> **Task brief**
Whenever the word "Apple" appears in a line of the listing, copy that line.

Top of Provided entries

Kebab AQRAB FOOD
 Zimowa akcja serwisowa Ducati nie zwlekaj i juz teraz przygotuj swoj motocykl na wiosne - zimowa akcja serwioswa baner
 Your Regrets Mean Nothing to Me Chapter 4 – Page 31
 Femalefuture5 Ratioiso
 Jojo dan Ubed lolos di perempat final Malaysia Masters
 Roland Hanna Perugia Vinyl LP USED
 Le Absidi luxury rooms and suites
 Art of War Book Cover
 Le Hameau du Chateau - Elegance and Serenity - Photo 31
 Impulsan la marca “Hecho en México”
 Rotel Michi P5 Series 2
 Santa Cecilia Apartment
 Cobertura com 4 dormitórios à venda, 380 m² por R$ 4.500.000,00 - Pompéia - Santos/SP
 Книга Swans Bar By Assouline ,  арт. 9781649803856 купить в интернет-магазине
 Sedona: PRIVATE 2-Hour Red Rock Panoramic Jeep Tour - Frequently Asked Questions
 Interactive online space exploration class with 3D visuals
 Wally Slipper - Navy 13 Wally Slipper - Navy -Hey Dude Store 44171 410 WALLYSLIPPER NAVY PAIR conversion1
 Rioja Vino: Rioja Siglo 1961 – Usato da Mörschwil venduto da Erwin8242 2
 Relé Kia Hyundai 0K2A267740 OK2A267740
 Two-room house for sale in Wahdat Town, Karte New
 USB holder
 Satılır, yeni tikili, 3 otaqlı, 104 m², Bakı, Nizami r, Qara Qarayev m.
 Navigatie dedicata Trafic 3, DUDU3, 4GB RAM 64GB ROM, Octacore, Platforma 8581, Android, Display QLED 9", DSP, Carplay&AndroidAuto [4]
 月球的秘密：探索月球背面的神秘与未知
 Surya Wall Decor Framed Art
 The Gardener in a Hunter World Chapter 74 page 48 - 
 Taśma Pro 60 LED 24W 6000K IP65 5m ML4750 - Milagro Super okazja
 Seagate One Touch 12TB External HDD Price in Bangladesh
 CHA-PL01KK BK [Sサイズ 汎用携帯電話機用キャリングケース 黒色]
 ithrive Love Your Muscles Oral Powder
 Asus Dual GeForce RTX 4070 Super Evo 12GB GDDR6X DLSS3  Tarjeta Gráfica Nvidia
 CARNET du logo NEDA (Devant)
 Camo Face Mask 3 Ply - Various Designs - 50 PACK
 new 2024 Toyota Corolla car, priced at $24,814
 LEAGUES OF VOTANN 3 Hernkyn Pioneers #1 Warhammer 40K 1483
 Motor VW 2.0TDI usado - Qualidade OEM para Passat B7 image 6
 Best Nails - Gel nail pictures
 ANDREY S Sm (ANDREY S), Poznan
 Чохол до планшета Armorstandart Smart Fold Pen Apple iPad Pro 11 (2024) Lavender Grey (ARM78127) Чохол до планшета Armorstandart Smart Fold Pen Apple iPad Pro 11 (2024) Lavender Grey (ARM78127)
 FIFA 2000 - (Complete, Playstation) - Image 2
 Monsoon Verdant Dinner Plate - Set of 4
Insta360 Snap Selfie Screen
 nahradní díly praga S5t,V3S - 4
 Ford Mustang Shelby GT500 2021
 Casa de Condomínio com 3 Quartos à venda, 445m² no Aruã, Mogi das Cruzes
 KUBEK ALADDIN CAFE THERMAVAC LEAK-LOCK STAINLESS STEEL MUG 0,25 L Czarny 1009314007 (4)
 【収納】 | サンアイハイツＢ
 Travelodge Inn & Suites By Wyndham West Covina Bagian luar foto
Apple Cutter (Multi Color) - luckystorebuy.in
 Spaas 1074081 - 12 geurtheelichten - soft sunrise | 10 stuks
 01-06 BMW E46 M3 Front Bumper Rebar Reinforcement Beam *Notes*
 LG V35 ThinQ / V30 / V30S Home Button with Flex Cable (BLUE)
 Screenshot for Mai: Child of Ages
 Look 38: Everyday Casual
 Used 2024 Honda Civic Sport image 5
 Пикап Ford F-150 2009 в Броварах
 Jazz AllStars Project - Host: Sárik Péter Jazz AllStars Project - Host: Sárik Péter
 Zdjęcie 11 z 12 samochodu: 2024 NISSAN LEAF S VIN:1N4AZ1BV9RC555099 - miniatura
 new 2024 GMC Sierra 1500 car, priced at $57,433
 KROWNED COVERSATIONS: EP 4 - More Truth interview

Bottom of Provided entries

> **Written answer**
 Чохол до планшета Armorstandart Smart Fold Pen Apple iPad Pro 11 (2024) Lavender Grey (ARM78127) Чохол до планшета Armorstandart Smart Fold Pen Apple iPad Pro 11 (2024) Lavender Grey (ARM78127)
Apple Cutter (Multi Color) - luckystorebuy.in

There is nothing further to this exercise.